Peter van Agtmael: The book is kind of a chapter in one much larger book that is essentially about those questions. A big part of my identity was drawn from covering Iraq and Afghanistan – this book is about processing those experiences and processing the things that led us, as a country, into these conflicts. The photos in the book are as you say. On the one hand, they’re a window into these worlds and on the other, they’re a mirror up to myself. 

How has your relationship with America and conflict altered as a result of your work?

Peter van Agtmael: I was reading a lot of history to get a context of what I was saying. The result of that is a pretty deromanticised, demystified, demythologised version of America. There’s a certain relief in having one’s eyes open to more kinds of honest truths. I’m at the point where I think I see things pretty clearly, and with some pretty deep fears about America’s role in the future. It’s not just about America, but the nature of humanity and conflict. 

If a country that has a great history, and not a particularly interventionist one, can devolve into these senseless conflicts despite its internal, robust democracy – a flawed but robust democracy – then what does that mean for the future of humanity? These are the things that scare the hell out of me. 

Is Buzzing at the Sill a response to the idea of a grand, national narrative that populist movements utilise?

Peter van Agtmael: I think populist rhetoric plays on people’s ignorance. It’s very consciously propaganda, it’s just not always recognised as such. It infects you, no matter how much you try. It affected me, and I had a good education. The mist of American exceptionalism in some ways took hold of me – what I thought was a nuanced perspective was still very much infected by these strains of nationalism. 

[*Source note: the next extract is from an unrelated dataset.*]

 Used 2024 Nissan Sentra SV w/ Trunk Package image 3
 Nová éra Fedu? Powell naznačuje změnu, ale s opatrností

I still admire America in many ways but I’m also utterly appalled by aspects of our history and unbelievable contradictions and our lack of critical self-analysis about who we are and why we are what we are and what we are to the rest of the world.

Is there a way to confront such a narrative?

Peter van Agtmael: It’s hard to say. How do you change? It means changing society also. It means changing the rhetoric of all these different institutions that rely on fantasy, and on the commodification of fantasy to exist and drive. At the end of that, what are you left with? I’m not sure. You just hope individuals confront the lies they’ve been told and try to work towards the alternative.